Chelsey, I really like Tenley too  My favs are Big Star, Peggy and Dharma


----------



## goathappy (Oct 5, 2007)

Oh, and I'd love to get Mary Jane, but I can't really add another adult doe right now and I don't have the money :sigh:


----------



## Muddy Creek Farm (Oct 5, 2007)

Ohj I really really like Peggy, I must have missed her :roll:


----------



## sparks879 (Oct 17, 2007)

who had you picked a buck out of from the tempo herd. I have a couple that i really like. And of course a few alpines as well.

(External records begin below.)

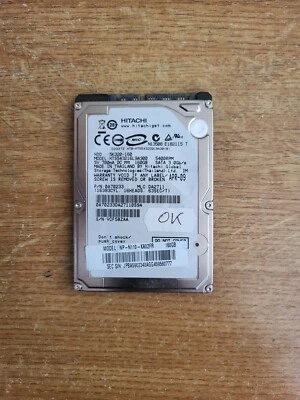 *** Disque Dur 2,5" Sata Hitachi 5K320-160 - 160Gb - tested - Photo 1/2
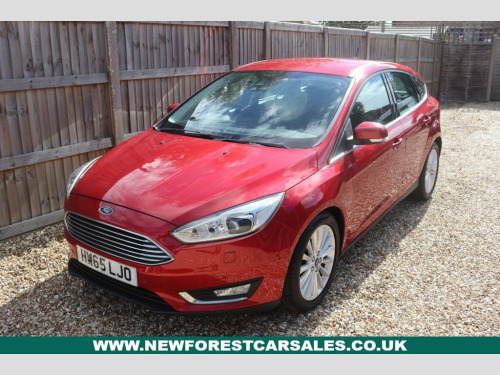 Ford Focus  1.0T EcoBoost Titanium X Hatchback 5dr Petrol Manu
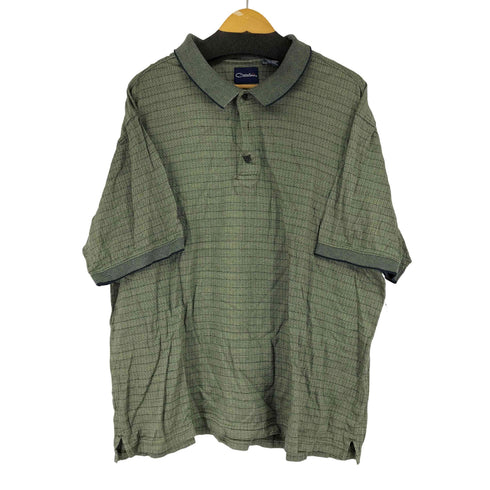 カタリナ Catalina 90S コットンチェックポロシャツ メンズ import:XXL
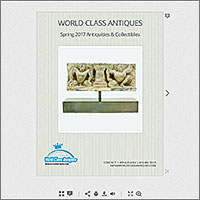 Antiques.By | PDF to Interactive Microsite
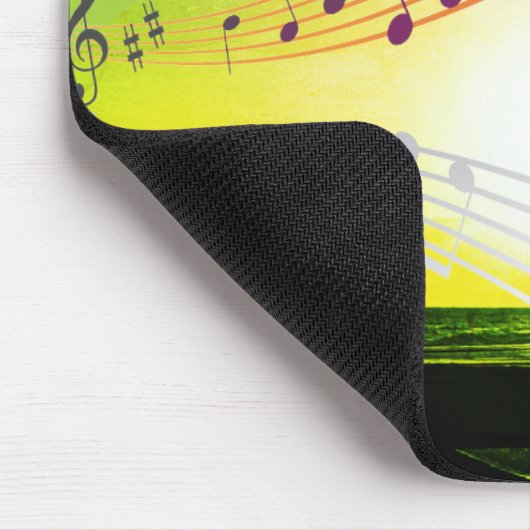 Zephaniah 3:17 MEIN GOTT SIND ÜBER MIR Personalisi Mousepad (Ecke)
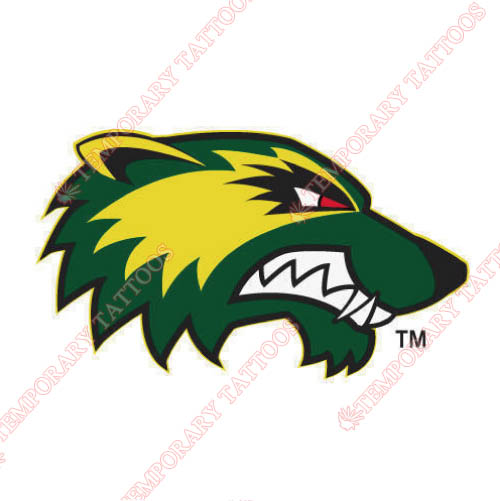 Utah Valley Wolverines Customize Temporary Tattoos Stickers NO.6758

They have two half sisters to one of my bucks who look awsome!
beth


----------



## Muddy Creek Farm (Oct 5, 2007)

I can't find any links on the Tempo site... Where are they?


----------



## goathappy (Oct 5, 2007)

I didn't have any reservations of course but the two does I liked the most were Mia and Elinor.


----------



## goathappy (Oct 5, 2007)

You have to click download herd list toward the top of the page below the site name to see all their animals.


----------



## Muddy Creek Farm (Oct 5, 2007)

I did click on it but it didn't look like it did anything. But it finally loaded =) They have some REALLY nice goats IMO. I like their Saanens alot. Of their Alpine does I really liked Tokay and Varaq. And the LM's I love Mia and Nardia they are all nice though!


----------



## sparks879 (Oct 17, 2007)

I don't know what you can afford...but i really like suryah, like to see a little more fore udder extension but she is very uphill, she has tremendous length from hips to pins has a wide flat rump is very uphill nice sized teats, nice smooth shoulders a long neck and a pretty head. I love the black and white color as well. I hate to buy on color and for the most part i don't but in the show ring that black and white just commands attention.
I really like Jaime too, she is young and still has a lot of maturing to do but she definatly has a presense about her that says look at me. a very graceful doe. 
I like these two does better then a lot of the shady lawn sr. does.
beth


----------



## goathappy (Oct 5, 2007)

Well it said on the sales list that Surya was kept dry and I'm really not a fan of Jaimie, she really doesn't have the milk, and there's just soemthing about her that I don't like, but I can't quite put my finger on it(and its not that she's CAE positive)


----------